Well, except the patient. Or corpse. And if you are the patient, it’s no fun at all.

Recently, I’ve been feeling tired. A lot. My doctor suggested I drank too much wine (and I have dutifully reduced my consumption by a quarter – though it is still a lot) but also ordered a lot of blood tests. There was a lot of good news – almost everything was normal, including, by the way, liver function. My glycerides were high but that’s fixable by cutting out some carbs. My bad cholesterol, to quote the doctor, “looks like it would if I were taking drugs to control it.” Which I am not – so go me.

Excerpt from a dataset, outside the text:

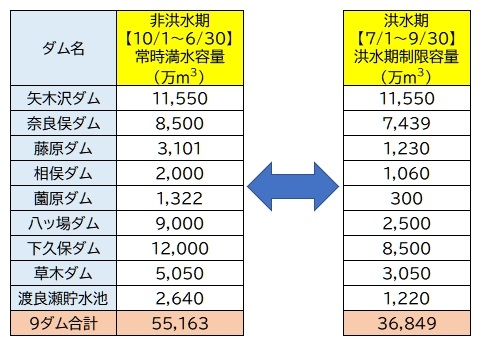 利水容量表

My B12 is low – low enough that diet won’t fix it, so it’s a daily supplement from here on in and a re-test in a couple of months. Low B-12 can lead to fatigue and may also cause a certain amount of poor moods. And I thought that was being caused by work.

Usually, low B12 is also a sign of anemia. But, mysteriously, my iron levels are abnormally high; high enough that the doctor will consult with a blood specialist. Because, right now, there is no explanation for this result – and it’s not one prone to false positives. Nothing in my diet explains it, I don’t take iron supplements (I actually take almost nothing on a daily basis) and I haven’t recently been blood doping. Not since my days as an Olympic sprinter. So low B12 and high iron is a bit of a mystery.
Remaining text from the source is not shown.